Five years working at a leading health & fitness brand will teach you a thing or two about the $4 trillion wellness economy1. I saw countless products slide across my desk that ranged from amazing to terrifying.
- Smart devices that passively tracked everything from blood glucose to bowel movements.
- Personalized supplements that “could” make you smarter, faster, basically immortal.
- ‘Better for you’ granola bars and meal delivery kits filled with novel ingredients from crickets to duckweed.
- Software products using every two-letter acronym in technology to enhance the fitness experience — AI, AR, VR, ML, CV.
There were a lot of great ideas and, to say it nicely, a lot of complete and utter BS. But eventually, two clear themes emerged.
- When it comes to something as personal as health, you need to prove your legitimacy on the BS spectrum. Your customers deserve products that work and seeing results is the only way to retain them in the long term.
- Most founders were seeking something that historically hasn’t existed in the VC landscape: a partner with true authority in the sector, who could provide tangible value and expertise and the ability (and desire) to validate their product’s efficacy to the market.
This got me thinking, what does the future of the venture capital industry look like, how should the next generation of top-tier firms operate, and is there an opportunity to create an investment vehicle that brings more to the table?
To me, investing must go beyond talent, customer, and partner introductions. Especially in the early stages, founders need investors with a sophisticated understanding of the sector they are trying to disrupt and deep connections to the key players and distribution channels who can improve the trajectory of their business.
I’m so glad to say that this vision has come to life in Sapphire Sport, which is why I joined as a Partner in February. I was initially drawn to our LP base — the owners and investors of major sports franchises, entertainment groups and lifestyle brands, all of them leaders in the art of powerfully connecting their brands to their audiences but also humble enough to acknowledge that consumer technology is key towards reaching the next generation and maintaining that market leadership position.
Having grown up in and around sports, the idea of several dozen LPs who compete on the field collaborating in one venture fund was hard to believe. But they did – owners and investors from major U.S. sports franchises— NFL, MLB, NBA, WNBA, NHL, and MLS— , City Football Group, owners of English Premier League champions Manchester City; as well as strategic entertainment organizations, family offices and institutional investors.

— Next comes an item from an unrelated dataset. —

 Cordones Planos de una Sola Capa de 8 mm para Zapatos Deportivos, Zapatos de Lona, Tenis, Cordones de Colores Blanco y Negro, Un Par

These LPs look to Sapphire Sport as their consumer tech insiders, to generate superior returns but also providing insights into next-generation, tested and scalable investment processes, highly relevant deal flow, actionable collaboration opportunities, and more. And for us, this partnership offers a sector-focused vantage point at a level higher than our peers, with an emphasis on media, gaming, e-commerce, and health & human performance.
And feedback from our founders tells us the model is working, “Very few investors, surprising as it may sound, have thought deeply about the opportunity spaces they map and model. They don’t get the difference between ‘trendy’ and a genuine ‘trend’…Sapphire Sport had thought deeply about the advantages and disadvantages of our space, the challenges and partnerships necessary for success (and necessary to avoid), and how they can leverage their network and LPs in order to maximise founder and company success,” explains Ryan Mullins, Founder & CEO of Aglet.
Not only do our LPs and their talent directly co-invest alongside us in funding rounds — most recently, Tonal in March and Overtime in April — but they actively seek relationships with our portfolio companies in order to stay on the cutting edge. The magnitude of consumers that this LP base touches is enormous, both online and IRL. What an opportunity that is to band together the world’s most innovative lifestyle brands and founders in order to shape the next generation for the better. It’s not sports tech; it’s about the entire consumer landscape.